We’ll let you in on a little secret – your electronics probably already do this. Generally, all electronics have a unique power supply (230 volts in Europe and 120 volts in the US) that receives incoming wall current, filters it for noise, and then converts it into whatever the appliance needs.

7. Have a portable power strip handy

As mentioned earlier, power strips don’t offer much in terms of protection. However, a power strip can help decongest your surge protector especially if you’re away from home.

Many hotels and hostels have few accessible outlets and if you’re among family or friends, they’ll need multiple outlets to charge their devices.

Most portable power strips come with two to three extra outlets. Some even offer direct USB charging ports.

8. Think of spacing for bigger plugs

Lots of devices utilize wall warts – these are plugs that convert AC power into DC power. Also, they resemble little boxes with electrical prongs sticking out.

When it’s time to purchase a surge protector, consider getting one that has a wider spacing between sockets or those whose sockets can be moved or rotated to accommodate chunky plugs.

9. Phone lines can be affected by power spikes too

If you want full protection, consider the fact that phone and cable lines can also be affected by power surges.

Fortunately, there are surge protectors that have connectors for phone lines. You might consider going for these types if necessary.

10. All things come to an end, including surge protectors

We discussed joule rating earlier, right? Great. Unfortunately, it also means that with time and constant usage, the surge protector will wear out.

Some have been programmed to give a warning or shut off automatically once their protection drops below a set threshold.

Most would just keep on working without protection. This can be scary as you won’t even be aware until a power spike damages your electronics.

If you’ve had a serious electrical event previously such as a blown transformer your home’s power supply is connected to, we recommend replacing your surge protector if you already use one.

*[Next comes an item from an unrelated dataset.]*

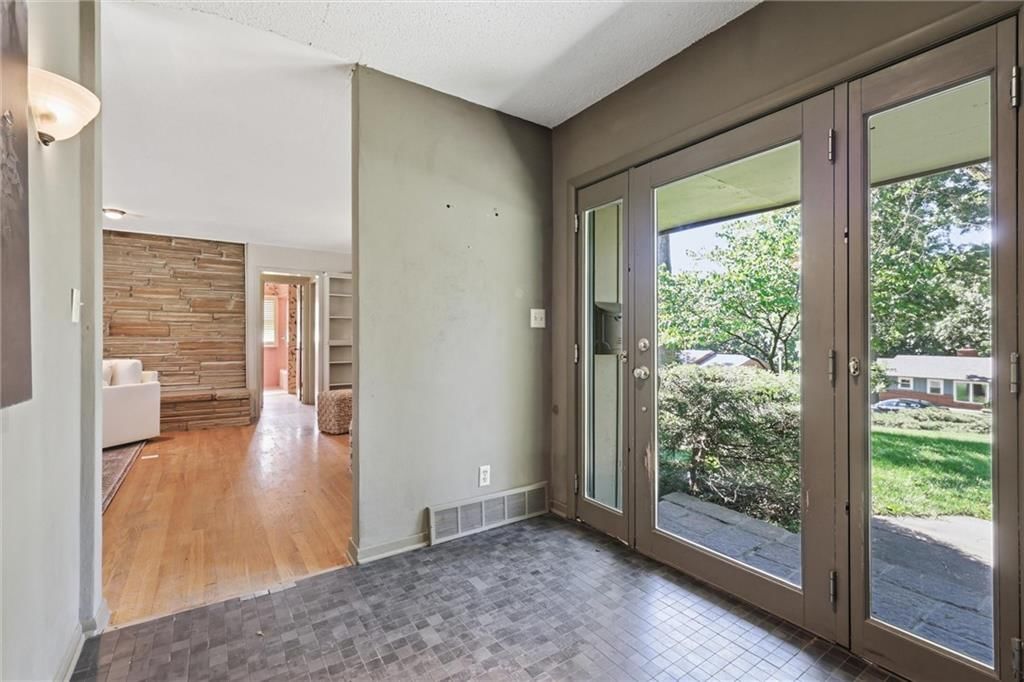 6332 Robinhood Drive — photo 25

In addition, if you have been using your surge protector for more than a few years, it’d be better to have it replaced.

Best Surge Protector for your Electronics

It can be quite stressful to go through all the available surge protectors on the market today. However, we can make things a bit easier for you.

If you’re looking for the best surge protector for electronics, check out some of the ones we have below.

Powermatic Six-Outlet Ext. (PE6G) UK Type

Powermatic Four-Outlet Ext. (PE4U) Universal Type

Powermatic Four-Outlet Ext. (PE4G) UK Type

Powermatic 30amp AC Plug (P30C)

Powermatic 20amp AC Plug (P20C)

Conclusion

Honestly, you have no reason not to get a surge protector for your appliances. However, how much you need it will vary.

If you live in a region that experiences lots of thunderstorms, your electronics are more likely to experience power spikes.

Fortunately, because most surge protectors are affordable, they’re worth getting. Also, don’t forget to replace them regularly just in case.